# Given data
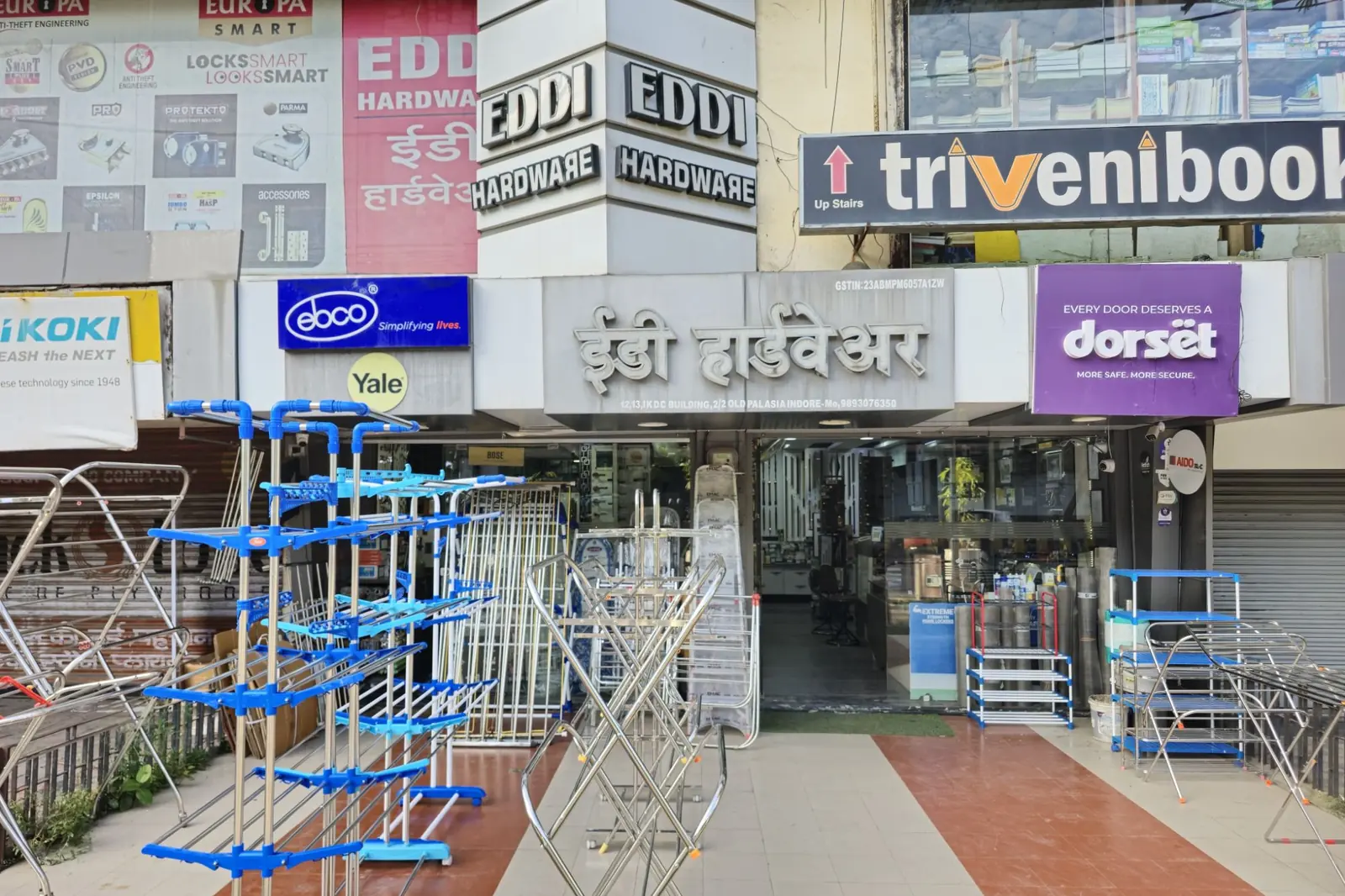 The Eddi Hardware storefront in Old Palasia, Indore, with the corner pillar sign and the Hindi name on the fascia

--

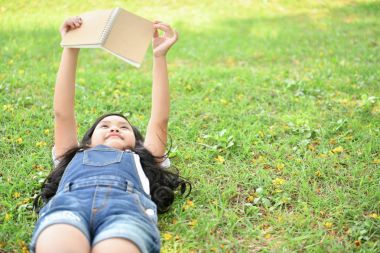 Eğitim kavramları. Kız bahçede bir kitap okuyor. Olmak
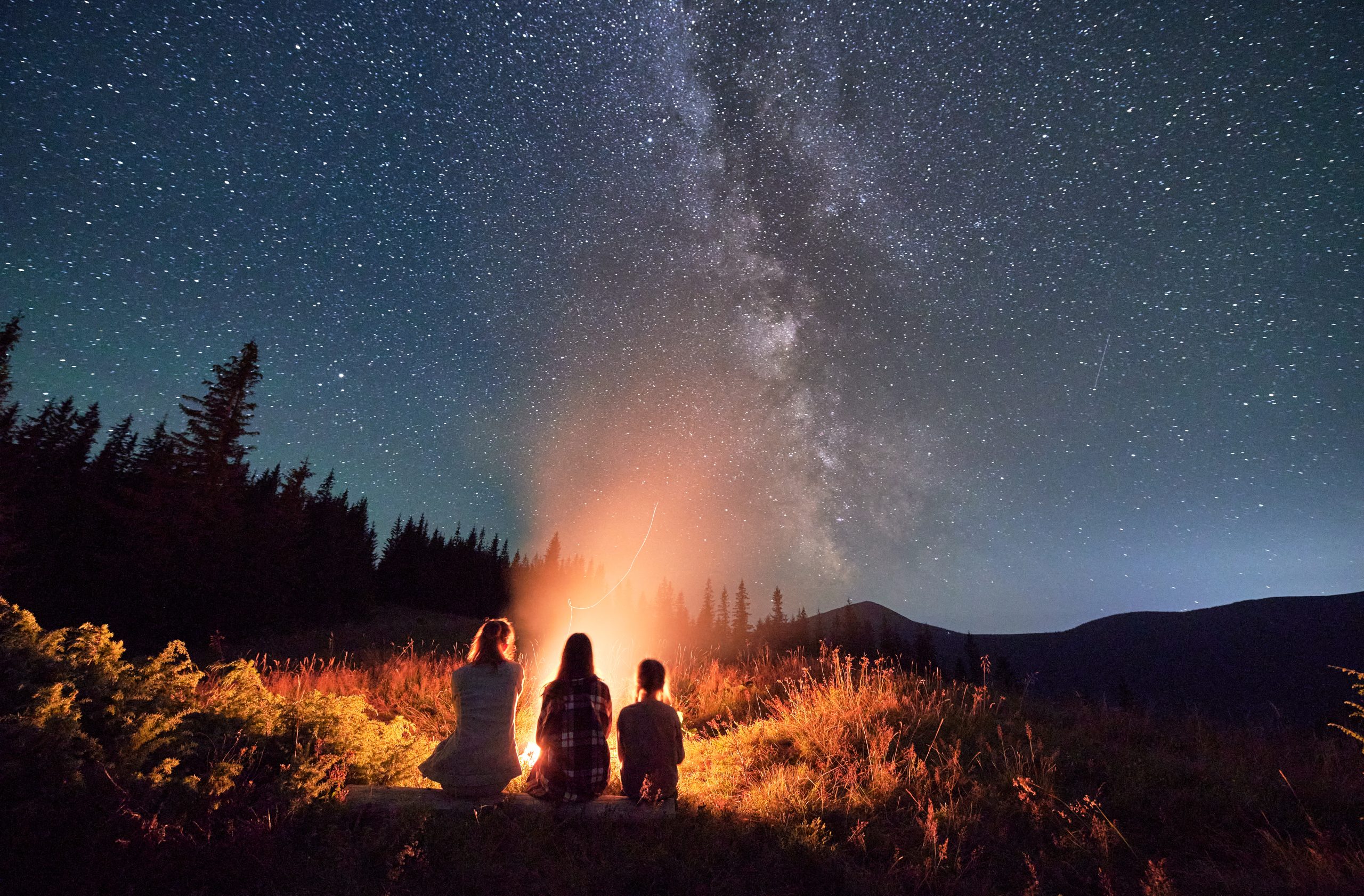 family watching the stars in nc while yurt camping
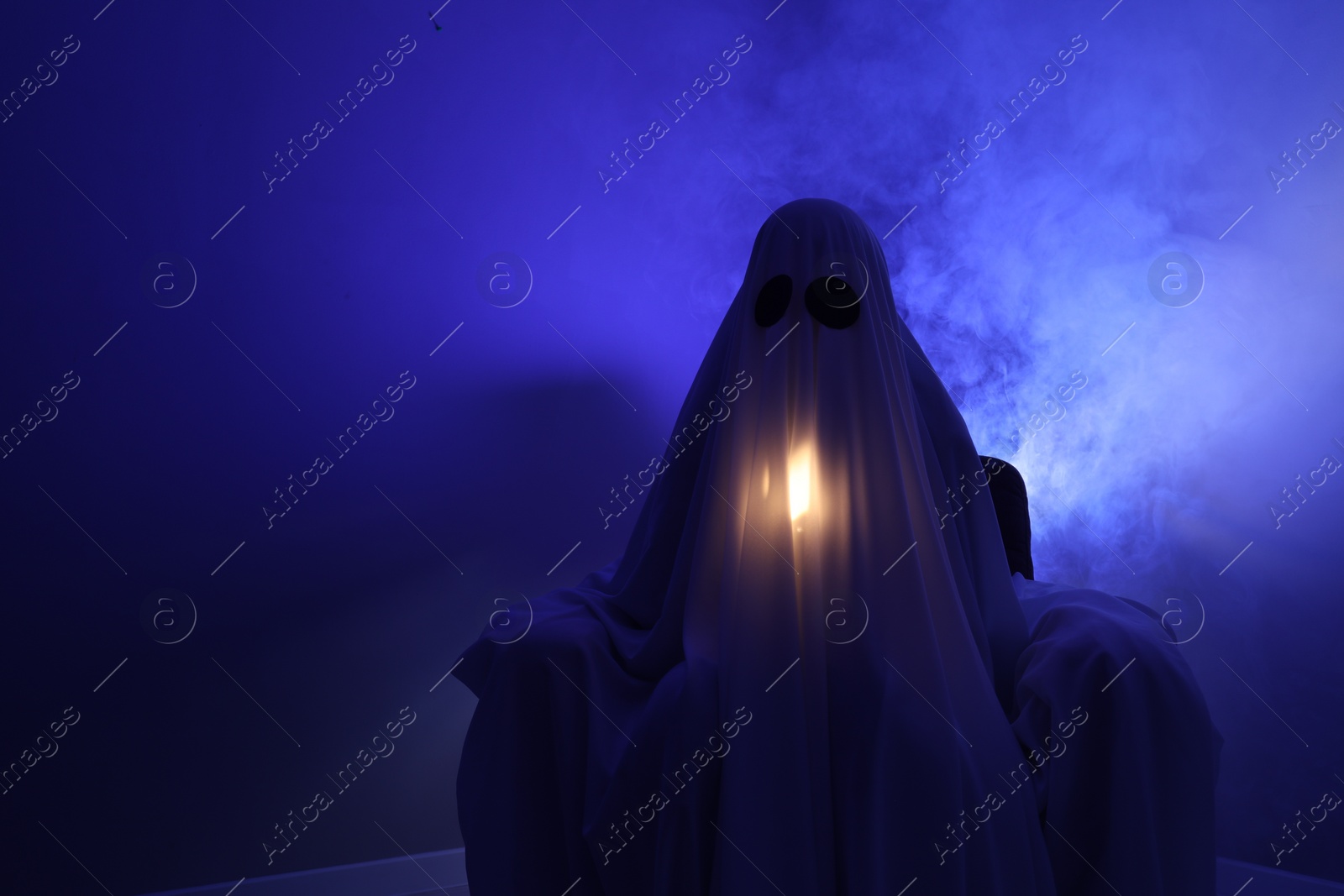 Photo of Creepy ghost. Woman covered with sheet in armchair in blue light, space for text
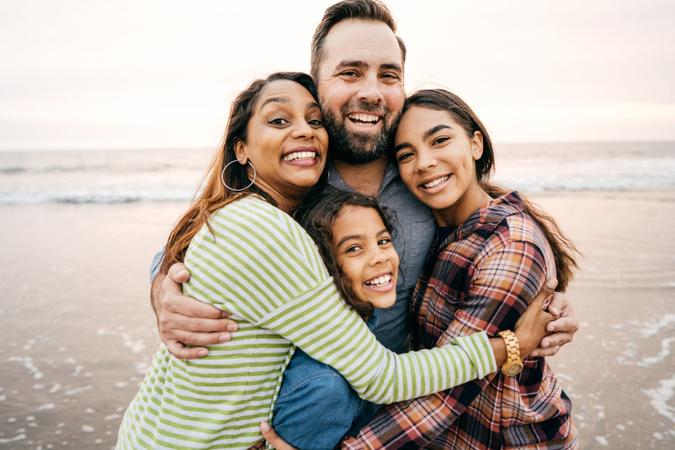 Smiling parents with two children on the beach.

* * *

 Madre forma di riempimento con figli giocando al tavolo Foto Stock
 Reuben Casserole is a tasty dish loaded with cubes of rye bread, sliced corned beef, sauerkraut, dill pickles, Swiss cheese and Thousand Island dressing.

# Your objective
Pictures aside, print exactly the lines above starting with the one containing "Photo of Creepy" and going on through the one containing "Smiling parents with".

# The completed task
 Photo of Creepy ghost. Woman covered with sheet in armchair in blue light, space for text
 Smiling parents with two children on the beach.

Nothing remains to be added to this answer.